This week I headed across to Essex to visit my parents for a couple of days, allowing for trips back and forth across London.
On the way east it was, like last time, exciting to be back in London again. All the familiar roads and places, the new things, all the people – more varied and more interesting than here, sorry Hereford/Abergavenny. Very good. When the walking got too much – thanks to me stupidly wearing uncomfortable boots, plus a gammy knee – I picked up a hire bike to get to Liverpool Street and was reminded how much like a magical teleporter they are.
On the way back west I gave myself a few hours to enjoy London but didn’t actually make many plans. So with hurty feet and knee, and a surprisingly heavy backpack, and not wanting to spend much time indoors with potentially infectious people, I found it hard to kill several hours. Silly me.
I got some food to eat outside at Spitalfields Market, which remains a horrid premium mediocre makeover of its former more interesting self, not helped by the maskless crowds squeezing past each other. Ugh.
I went to Tate Modern but was put off by the half-term crowd funnelling towards the entrance, the virus, and the signs saying that timed tickets were needed (even though I think you could get one on your phone there and then). I have been spoiled by once being able to walk there for opening time and swanning around, members’ card in hand, free of crowds.
When I got to the National Gallery, with a tiny queue and no signs about tickets, I decided to give it a whirl. In the queue an attendant asked if I had a ticket. Er, no? That’s fine, he said, just get one from the desk inside. I went through the metal detector, up to the desk, asked for and received a printed-out ticket… and no one ever asked to see it. I guess I played my part in some essential bureaucratic system, ensuring employment for at least two people in these difficult times.
The gallery was a bit busy so I didn’t hang around for long, pausing only briefly in front of a couple of favourites. Then a cycle to and through Hyde Park and, running out of ideas, a walk north to kill 2½ hours at Paddington Station. I live and learn.
§ We’ve had three very nice guys round at various times over the past couple of weeks making improvements.

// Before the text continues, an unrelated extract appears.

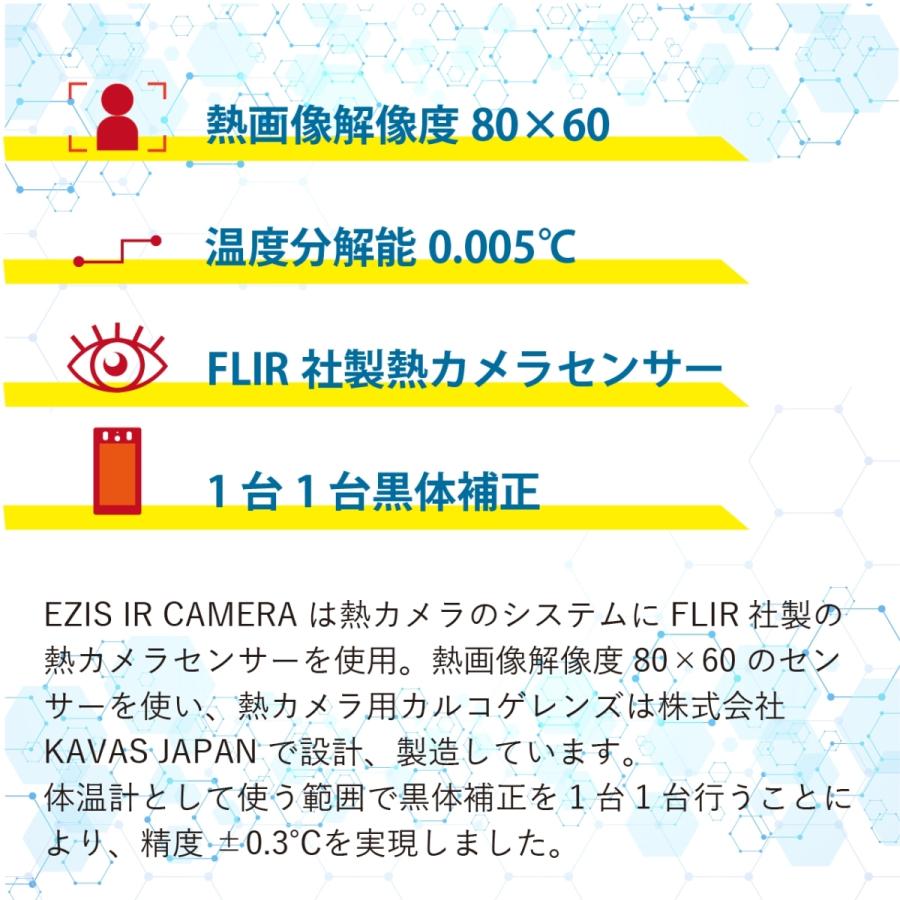 日本製 顔認証 熱カメラ EZIS IR CAMERA サーマルカメラ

One removing a cupboard around our boiler and tidying up the remaining holes. One replacing some wall lights with newer ones and 50W halogen downlights with 5W LED fixtures.

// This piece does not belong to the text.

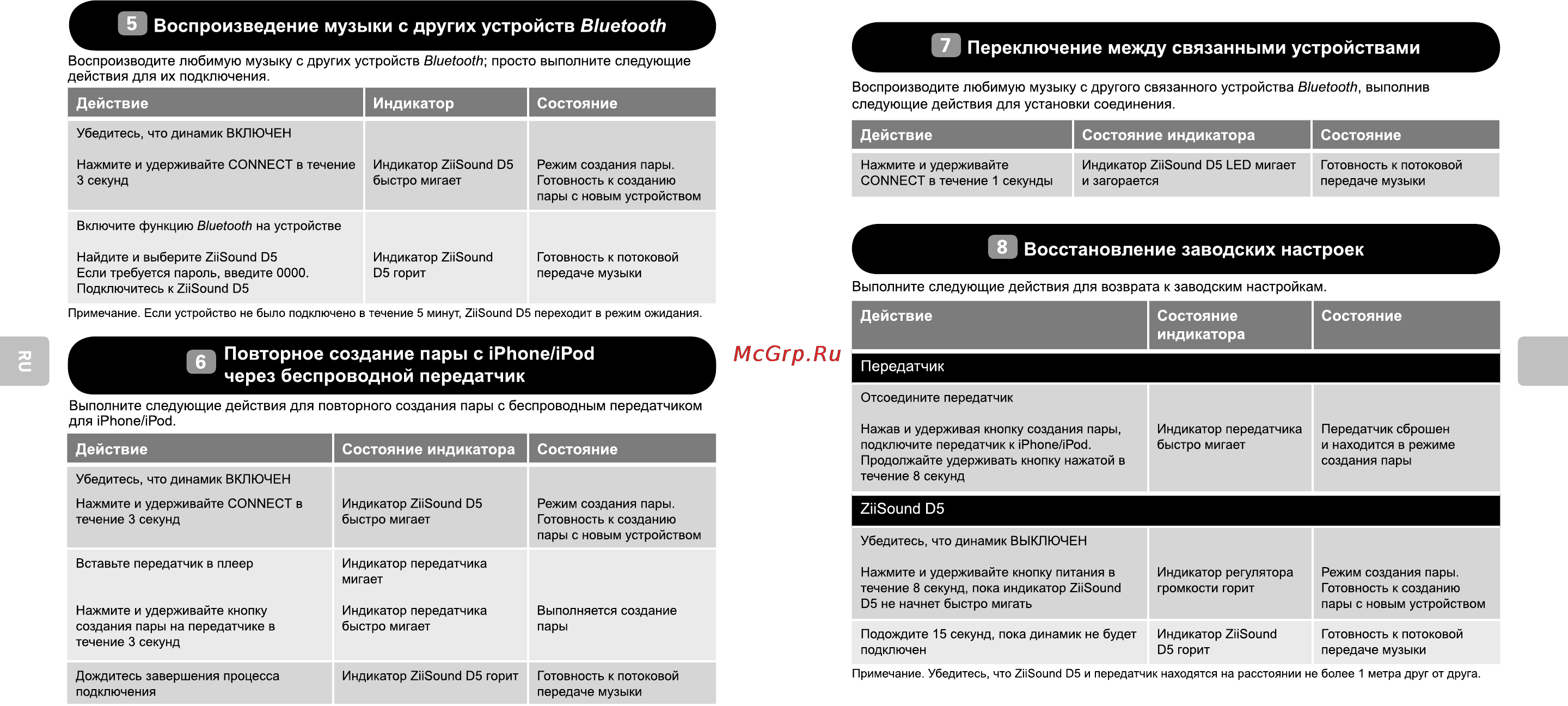 Creative D5 (MF8080) Инструкция по эксплуатации онлайн [5/8] 53189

And one ventured into the loft, adding more insulation and beautifully boarding it over to make it a more useable space for storage. When we had trouble finding someone to do that I considered doing it myself and now realise what a terrible job I’d have done compared to someone who knows what they’re doing.
And, yes, we’ve done exactly what those Insulate Britain protestors want us to do: insulate our home better to feel warmer, save money, and help prevent global heating. What mugs we are! How could we fall for such extremist ideas?! Fools!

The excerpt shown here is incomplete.